Training ownership includes code in:
configure_optimizerinference_logitsorinfercompute_losstrain_step- training helper files declared in
prism.yaml
A training variant can win the training pool for its target architecture, but it cannot redirect the architecture pool. The training pool is split across architectures using canonical architecture scores, then awarded within each architecture to the current best training owner.

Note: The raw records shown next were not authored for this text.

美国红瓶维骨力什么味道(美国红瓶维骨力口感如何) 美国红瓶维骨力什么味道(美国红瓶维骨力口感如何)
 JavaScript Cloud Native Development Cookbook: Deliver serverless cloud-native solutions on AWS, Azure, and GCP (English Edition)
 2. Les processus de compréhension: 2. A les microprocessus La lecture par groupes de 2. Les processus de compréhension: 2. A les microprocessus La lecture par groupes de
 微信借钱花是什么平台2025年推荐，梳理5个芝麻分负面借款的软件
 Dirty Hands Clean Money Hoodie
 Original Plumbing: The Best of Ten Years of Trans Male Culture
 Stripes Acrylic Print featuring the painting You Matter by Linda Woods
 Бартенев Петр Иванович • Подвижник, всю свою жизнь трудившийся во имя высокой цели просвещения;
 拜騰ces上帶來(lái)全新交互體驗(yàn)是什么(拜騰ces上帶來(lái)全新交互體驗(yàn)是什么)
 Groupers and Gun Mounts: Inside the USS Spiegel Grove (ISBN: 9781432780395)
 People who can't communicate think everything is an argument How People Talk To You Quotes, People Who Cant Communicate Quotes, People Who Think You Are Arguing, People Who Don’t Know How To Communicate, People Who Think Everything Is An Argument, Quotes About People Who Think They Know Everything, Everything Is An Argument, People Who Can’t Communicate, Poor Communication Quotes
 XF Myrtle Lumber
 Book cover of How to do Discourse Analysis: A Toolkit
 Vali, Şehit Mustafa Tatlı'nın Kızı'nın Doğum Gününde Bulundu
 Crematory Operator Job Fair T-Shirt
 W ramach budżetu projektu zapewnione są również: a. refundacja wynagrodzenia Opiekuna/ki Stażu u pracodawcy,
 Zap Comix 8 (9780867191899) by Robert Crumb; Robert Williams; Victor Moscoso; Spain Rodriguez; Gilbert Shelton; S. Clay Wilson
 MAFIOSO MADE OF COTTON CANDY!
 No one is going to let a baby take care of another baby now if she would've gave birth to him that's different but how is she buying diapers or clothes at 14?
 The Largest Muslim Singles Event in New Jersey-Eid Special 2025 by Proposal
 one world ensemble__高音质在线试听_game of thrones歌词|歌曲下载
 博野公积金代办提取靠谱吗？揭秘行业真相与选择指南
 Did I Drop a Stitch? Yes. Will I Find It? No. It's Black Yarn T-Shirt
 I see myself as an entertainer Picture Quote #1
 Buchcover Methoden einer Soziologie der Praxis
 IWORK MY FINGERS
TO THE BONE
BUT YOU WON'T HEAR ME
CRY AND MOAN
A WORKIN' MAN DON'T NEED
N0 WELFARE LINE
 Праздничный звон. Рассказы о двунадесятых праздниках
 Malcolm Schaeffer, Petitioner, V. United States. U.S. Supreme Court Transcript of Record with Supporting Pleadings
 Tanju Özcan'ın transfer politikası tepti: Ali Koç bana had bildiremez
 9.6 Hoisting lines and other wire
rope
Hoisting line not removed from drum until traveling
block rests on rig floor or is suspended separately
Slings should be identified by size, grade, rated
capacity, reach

Improvement thresholds prevent tiny metric noise from stealing ownership.
| Setting | Purpose |
|---|---|
architecture_improvement_min_delta_abs |
Minimum absolute architecture-score improvement. |
architecture_improvement_min_delta_rel |
Minimum relative architecture-score improvement. |
training_improvement_min_delta_abs |
Minimum absolute training-score improvement. |
training_improvement_min_delta_rel |
Minimum relative training-score improvement. |
training_improvement_z_score |
Required noise-adjusted improvement margin. |
training_metric_default_std |
Default standard deviation when repeats do not report one. |
Architecture improvement thresholds only decide whether canonical version and best-score metadata update; they do not move first-discovery ownership. Training current-best changes use separate training thresholds.
These percentages are defaults, not hard-coded operator promises. SQL runtime config can override supported policy values for reward_pools, score_weights, and benchmark_weights, subject to validation. Official runtime config fails closed when SQL values are invalid. Explicit local non-scoring paths may fall back to defaults.